I buy and sell some NFT's on AtomicHub.
I create my own NFT's on AtomicHub and when I create a new one I send it out to my followers on Noise.Cash for free but I still have to mint each one which is a transaction. Shameless plug here.
I sparingly play Koloboks.
I sparingly collect from R-Planet (like once a week)
I sparingly collect from Green Rabbit (like once a day)
So yeah I do my fair share of transactions on the WAX blockchain. That being said though I have usually been able to keep my head above the CPU threshold just fine. I have 100.138 WAX staked to my CPU alone and it has served me fine so far. I have added 10 WAX here or there to keep it bumped up but I don't know if I can in good conscious keep that going.
What I know about WAX and CPU is that you stake your WAX to CPU to get a bucket of milliseconds to use towards your transactions.
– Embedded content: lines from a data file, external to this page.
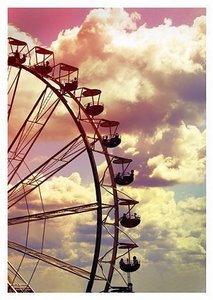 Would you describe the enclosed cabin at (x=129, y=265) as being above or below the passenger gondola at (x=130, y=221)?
below

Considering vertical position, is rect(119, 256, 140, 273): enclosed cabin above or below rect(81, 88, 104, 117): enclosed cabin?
below

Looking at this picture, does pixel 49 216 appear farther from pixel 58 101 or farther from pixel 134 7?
pixel 134 7

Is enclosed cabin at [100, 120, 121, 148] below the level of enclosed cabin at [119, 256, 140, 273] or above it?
above

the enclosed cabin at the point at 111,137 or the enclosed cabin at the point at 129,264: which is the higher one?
the enclosed cabin at the point at 111,137

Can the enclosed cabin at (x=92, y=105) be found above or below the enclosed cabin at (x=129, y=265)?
above

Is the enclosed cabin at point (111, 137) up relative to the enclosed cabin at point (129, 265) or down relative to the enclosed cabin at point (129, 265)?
up

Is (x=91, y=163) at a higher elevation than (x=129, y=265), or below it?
higher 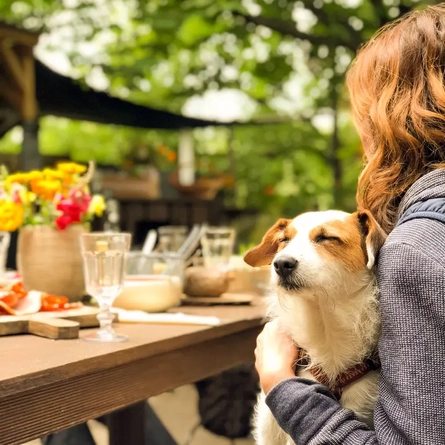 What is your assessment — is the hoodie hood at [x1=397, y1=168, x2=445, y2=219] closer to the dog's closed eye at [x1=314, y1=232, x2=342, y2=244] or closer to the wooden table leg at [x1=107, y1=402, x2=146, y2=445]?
the dog's closed eye at [x1=314, y1=232, x2=342, y2=244]

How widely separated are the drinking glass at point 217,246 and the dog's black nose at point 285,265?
109cm

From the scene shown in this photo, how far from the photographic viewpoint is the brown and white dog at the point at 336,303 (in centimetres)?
120

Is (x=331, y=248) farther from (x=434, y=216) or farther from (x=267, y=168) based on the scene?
(x=267, y=168)

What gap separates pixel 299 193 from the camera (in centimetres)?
790

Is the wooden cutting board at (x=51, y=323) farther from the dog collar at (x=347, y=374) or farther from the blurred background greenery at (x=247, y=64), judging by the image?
the blurred background greenery at (x=247, y=64)

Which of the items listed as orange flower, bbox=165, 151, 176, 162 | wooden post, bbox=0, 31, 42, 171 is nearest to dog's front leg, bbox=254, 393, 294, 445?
wooden post, bbox=0, 31, 42, 171

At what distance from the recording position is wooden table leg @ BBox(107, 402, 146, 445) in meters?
2.13

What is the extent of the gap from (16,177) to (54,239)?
226 mm

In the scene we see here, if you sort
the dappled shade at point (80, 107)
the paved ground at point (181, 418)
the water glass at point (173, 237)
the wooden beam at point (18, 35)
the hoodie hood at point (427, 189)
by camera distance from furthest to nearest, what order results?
the dappled shade at point (80, 107) → the wooden beam at point (18, 35) → the paved ground at point (181, 418) → the water glass at point (173, 237) → the hoodie hood at point (427, 189)

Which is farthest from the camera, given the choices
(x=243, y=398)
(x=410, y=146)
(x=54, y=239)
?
(x=243, y=398)

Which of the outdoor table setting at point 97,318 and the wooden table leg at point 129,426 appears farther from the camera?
the wooden table leg at point 129,426

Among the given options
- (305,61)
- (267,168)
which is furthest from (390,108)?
(267,168)

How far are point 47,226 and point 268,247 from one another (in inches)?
32.0

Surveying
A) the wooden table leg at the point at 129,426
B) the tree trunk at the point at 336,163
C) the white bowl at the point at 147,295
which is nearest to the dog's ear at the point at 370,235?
the white bowl at the point at 147,295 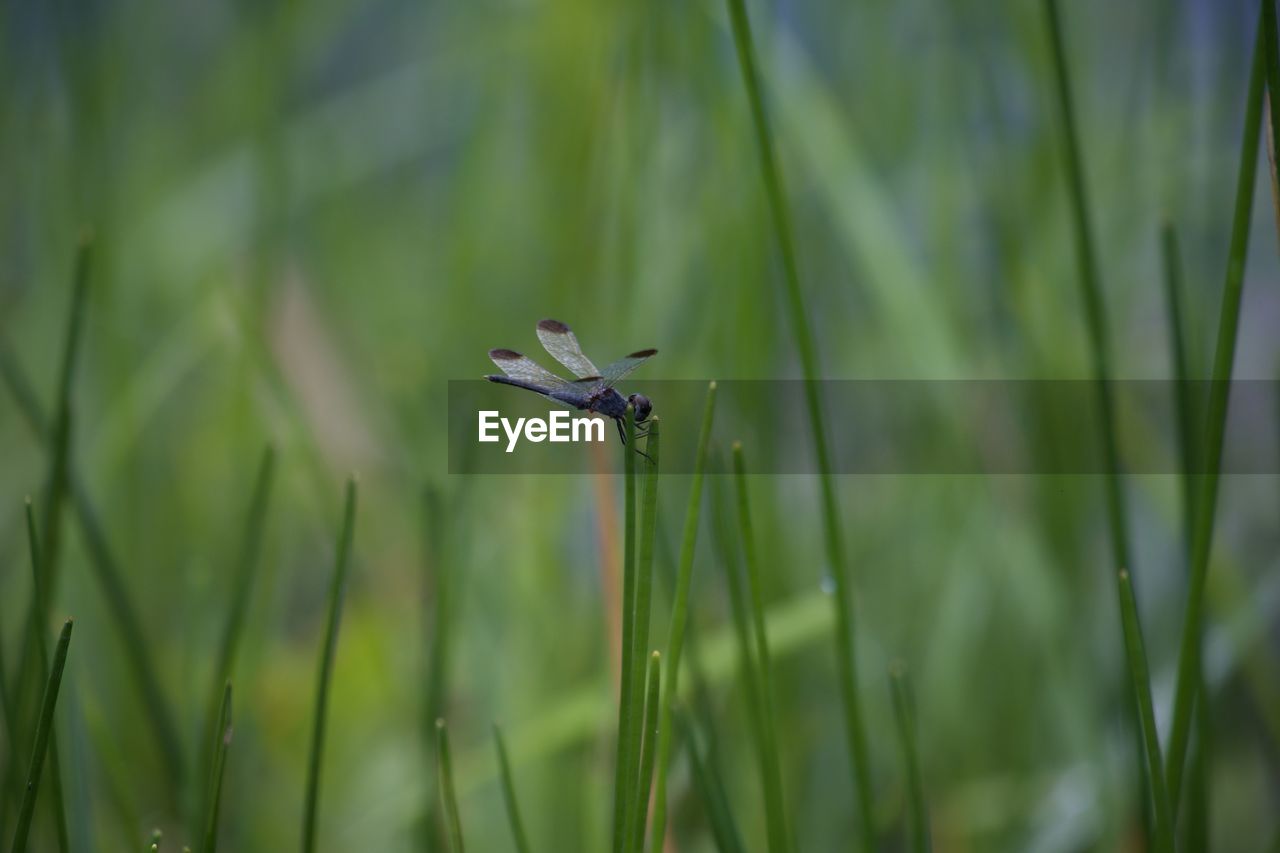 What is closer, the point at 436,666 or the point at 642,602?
the point at 642,602

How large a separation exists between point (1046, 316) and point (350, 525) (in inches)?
26.2

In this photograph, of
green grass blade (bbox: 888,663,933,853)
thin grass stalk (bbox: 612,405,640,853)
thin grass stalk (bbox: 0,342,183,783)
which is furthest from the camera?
thin grass stalk (bbox: 0,342,183,783)

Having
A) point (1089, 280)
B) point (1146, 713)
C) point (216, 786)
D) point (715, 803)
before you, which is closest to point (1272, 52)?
point (1089, 280)

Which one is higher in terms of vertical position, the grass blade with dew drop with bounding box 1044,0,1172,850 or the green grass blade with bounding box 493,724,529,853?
the grass blade with dew drop with bounding box 1044,0,1172,850

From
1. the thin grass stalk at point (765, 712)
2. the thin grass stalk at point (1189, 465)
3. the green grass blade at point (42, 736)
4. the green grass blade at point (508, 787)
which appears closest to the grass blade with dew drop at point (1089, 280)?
the thin grass stalk at point (1189, 465)

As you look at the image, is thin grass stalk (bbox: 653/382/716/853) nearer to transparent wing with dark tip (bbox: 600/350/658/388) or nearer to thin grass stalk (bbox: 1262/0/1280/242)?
transparent wing with dark tip (bbox: 600/350/658/388)

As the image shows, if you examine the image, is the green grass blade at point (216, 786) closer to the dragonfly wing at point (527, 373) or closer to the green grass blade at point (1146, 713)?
the dragonfly wing at point (527, 373)

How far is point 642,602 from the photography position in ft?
0.97

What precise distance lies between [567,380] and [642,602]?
0.13 meters

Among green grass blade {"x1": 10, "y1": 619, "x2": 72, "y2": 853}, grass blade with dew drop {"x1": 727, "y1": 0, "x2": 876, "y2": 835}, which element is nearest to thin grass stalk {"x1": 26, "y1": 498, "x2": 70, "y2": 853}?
green grass blade {"x1": 10, "y1": 619, "x2": 72, "y2": 853}

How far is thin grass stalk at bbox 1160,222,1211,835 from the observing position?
16.2 inches

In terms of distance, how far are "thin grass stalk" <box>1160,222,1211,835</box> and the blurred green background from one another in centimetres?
4

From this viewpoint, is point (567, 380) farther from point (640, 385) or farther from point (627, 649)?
point (640, 385)

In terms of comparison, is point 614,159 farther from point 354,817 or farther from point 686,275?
point 354,817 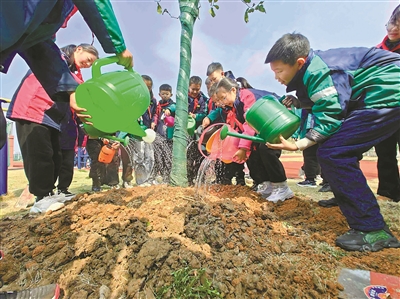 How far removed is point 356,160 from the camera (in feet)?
5.27

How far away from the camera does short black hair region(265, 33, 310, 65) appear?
1.72 metres

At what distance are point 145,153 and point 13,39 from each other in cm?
349

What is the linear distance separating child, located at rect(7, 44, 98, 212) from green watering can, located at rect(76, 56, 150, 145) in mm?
907

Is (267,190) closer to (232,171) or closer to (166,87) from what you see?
(232,171)

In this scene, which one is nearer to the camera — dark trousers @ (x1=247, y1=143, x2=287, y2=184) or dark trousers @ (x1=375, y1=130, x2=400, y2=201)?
dark trousers @ (x1=375, y1=130, x2=400, y2=201)

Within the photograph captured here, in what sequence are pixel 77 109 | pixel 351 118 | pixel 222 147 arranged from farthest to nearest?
pixel 222 147 → pixel 351 118 → pixel 77 109

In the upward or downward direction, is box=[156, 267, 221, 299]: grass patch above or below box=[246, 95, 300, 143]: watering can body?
below

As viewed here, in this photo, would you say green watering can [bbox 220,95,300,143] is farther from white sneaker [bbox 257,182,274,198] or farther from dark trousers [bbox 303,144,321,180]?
dark trousers [bbox 303,144,321,180]

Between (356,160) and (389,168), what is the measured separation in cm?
117

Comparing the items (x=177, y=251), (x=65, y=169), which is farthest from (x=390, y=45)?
(x=65, y=169)

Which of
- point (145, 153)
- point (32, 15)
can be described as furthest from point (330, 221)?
point (145, 153)

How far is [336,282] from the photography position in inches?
47.5

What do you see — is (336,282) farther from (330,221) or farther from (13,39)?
(13,39)

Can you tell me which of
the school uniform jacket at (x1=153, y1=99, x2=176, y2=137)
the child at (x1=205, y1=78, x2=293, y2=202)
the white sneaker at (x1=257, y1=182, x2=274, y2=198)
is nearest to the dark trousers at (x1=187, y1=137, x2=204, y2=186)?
the school uniform jacket at (x1=153, y1=99, x2=176, y2=137) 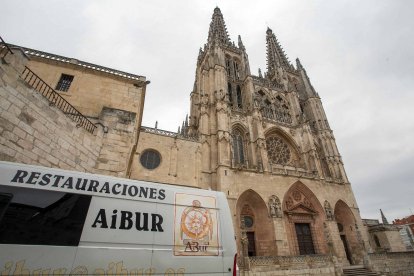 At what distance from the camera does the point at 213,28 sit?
29219 mm

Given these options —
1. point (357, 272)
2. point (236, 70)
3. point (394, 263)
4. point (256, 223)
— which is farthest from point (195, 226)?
point (236, 70)

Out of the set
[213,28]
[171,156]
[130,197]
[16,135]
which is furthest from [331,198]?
[213,28]

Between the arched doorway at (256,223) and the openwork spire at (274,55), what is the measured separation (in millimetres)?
21676

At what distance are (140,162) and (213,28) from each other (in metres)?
23.4

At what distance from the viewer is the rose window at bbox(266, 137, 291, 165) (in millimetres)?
20281

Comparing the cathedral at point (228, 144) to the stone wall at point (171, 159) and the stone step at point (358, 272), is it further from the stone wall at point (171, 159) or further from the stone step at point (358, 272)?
the stone step at point (358, 272)

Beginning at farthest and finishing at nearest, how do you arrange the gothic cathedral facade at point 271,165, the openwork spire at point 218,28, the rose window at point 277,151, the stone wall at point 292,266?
the openwork spire at point 218,28 < the rose window at point 277,151 < the gothic cathedral facade at point 271,165 < the stone wall at point 292,266

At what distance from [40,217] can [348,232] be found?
2290 cm

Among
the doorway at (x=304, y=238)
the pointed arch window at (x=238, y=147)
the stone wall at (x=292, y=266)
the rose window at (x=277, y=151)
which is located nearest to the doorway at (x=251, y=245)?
the stone wall at (x=292, y=266)

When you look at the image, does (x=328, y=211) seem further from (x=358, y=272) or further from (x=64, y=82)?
(x=64, y=82)

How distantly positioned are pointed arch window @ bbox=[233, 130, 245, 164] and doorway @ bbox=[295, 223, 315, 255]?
6827 millimetres

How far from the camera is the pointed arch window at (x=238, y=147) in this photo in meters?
18.3

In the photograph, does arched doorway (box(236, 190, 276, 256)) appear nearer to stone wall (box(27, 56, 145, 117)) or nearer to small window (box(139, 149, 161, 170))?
small window (box(139, 149, 161, 170))

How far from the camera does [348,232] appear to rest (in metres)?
18.5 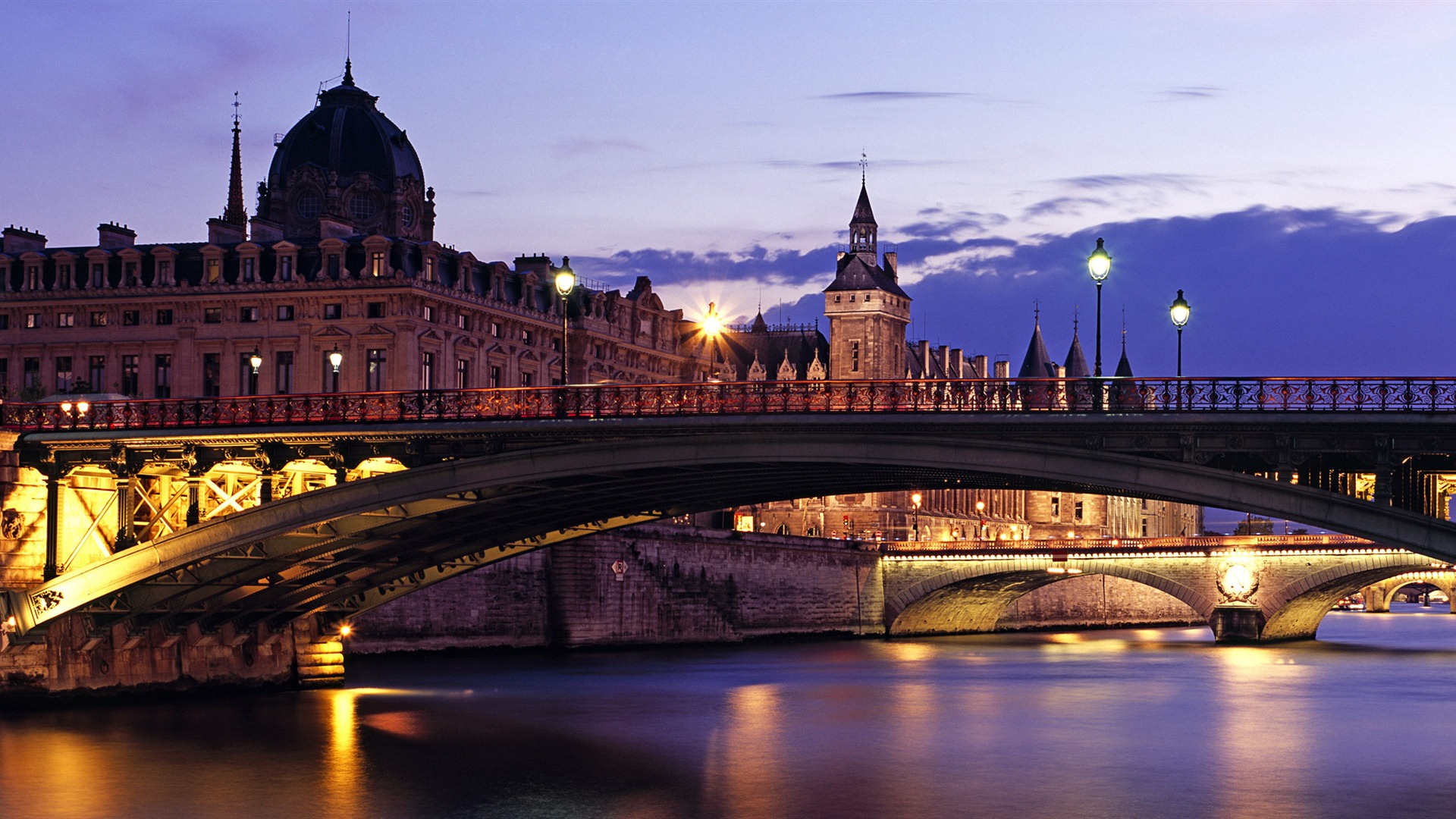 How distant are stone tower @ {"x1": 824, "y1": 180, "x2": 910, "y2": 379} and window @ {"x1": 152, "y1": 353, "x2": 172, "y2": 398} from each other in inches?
2979

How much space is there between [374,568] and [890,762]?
60.9 feet

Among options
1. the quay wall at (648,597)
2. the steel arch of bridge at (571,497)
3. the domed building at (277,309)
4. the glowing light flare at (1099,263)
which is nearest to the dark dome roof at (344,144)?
the domed building at (277,309)

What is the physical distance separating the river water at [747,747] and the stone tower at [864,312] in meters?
84.6

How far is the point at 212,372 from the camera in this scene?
88125mm

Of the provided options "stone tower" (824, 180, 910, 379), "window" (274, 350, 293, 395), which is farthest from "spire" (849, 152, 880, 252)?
"window" (274, 350, 293, 395)

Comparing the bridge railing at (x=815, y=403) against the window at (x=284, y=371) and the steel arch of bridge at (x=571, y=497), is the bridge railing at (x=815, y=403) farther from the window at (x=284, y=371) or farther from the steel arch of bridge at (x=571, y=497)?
the window at (x=284, y=371)

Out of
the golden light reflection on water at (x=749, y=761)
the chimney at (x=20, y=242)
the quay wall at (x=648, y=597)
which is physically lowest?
the golden light reflection on water at (x=749, y=761)

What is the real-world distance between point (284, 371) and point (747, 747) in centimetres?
4372

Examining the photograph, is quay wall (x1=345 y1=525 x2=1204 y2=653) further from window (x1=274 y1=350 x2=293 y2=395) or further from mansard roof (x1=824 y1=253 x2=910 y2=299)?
mansard roof (x1=824 y1=253 x2=910 y2=299)

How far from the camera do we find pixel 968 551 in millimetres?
107750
Each transaction you perform on WAX costs some amount of milliseconds. Transactions that take longer to process require more milliseconds. You CPU regenerates itself after 72 hours. So in theory you could play, play, play until you hit your limit and wait 72 hours from your last transaction and you should be back to 0 milliseconds used out of your bucket.
Simple enough right?
Well then why do we experience the CPU error all the time. Well at first I chalked it up to maybe 70 hours ago I did a lot of transactions in a short amount of time and now that I am doing enough I didn't wait long enough for my bucket to come down some. And honestly that is what I thought for a long time. But then we all started to notice things. Like one minute we would be at 80% of our CPU bucket used and 5 minutes later without performing any transactions we were at 140% of our CPU bucket used. It didn't make sense and I couldn't rationalize it. That bring us to this week. Where I had enough. I wanted to know why this was happening and what we can do to fix it. I mean if NFT's are the future and AtomicHub is WAX then for the average user and people not tech savvy there has to be a better answer then just "You need to stake more WAX to be able to do anything". Because if someone is starting out on Alien Worlds they might hit their CPU limit before they had a chance to earn enough WAX to start.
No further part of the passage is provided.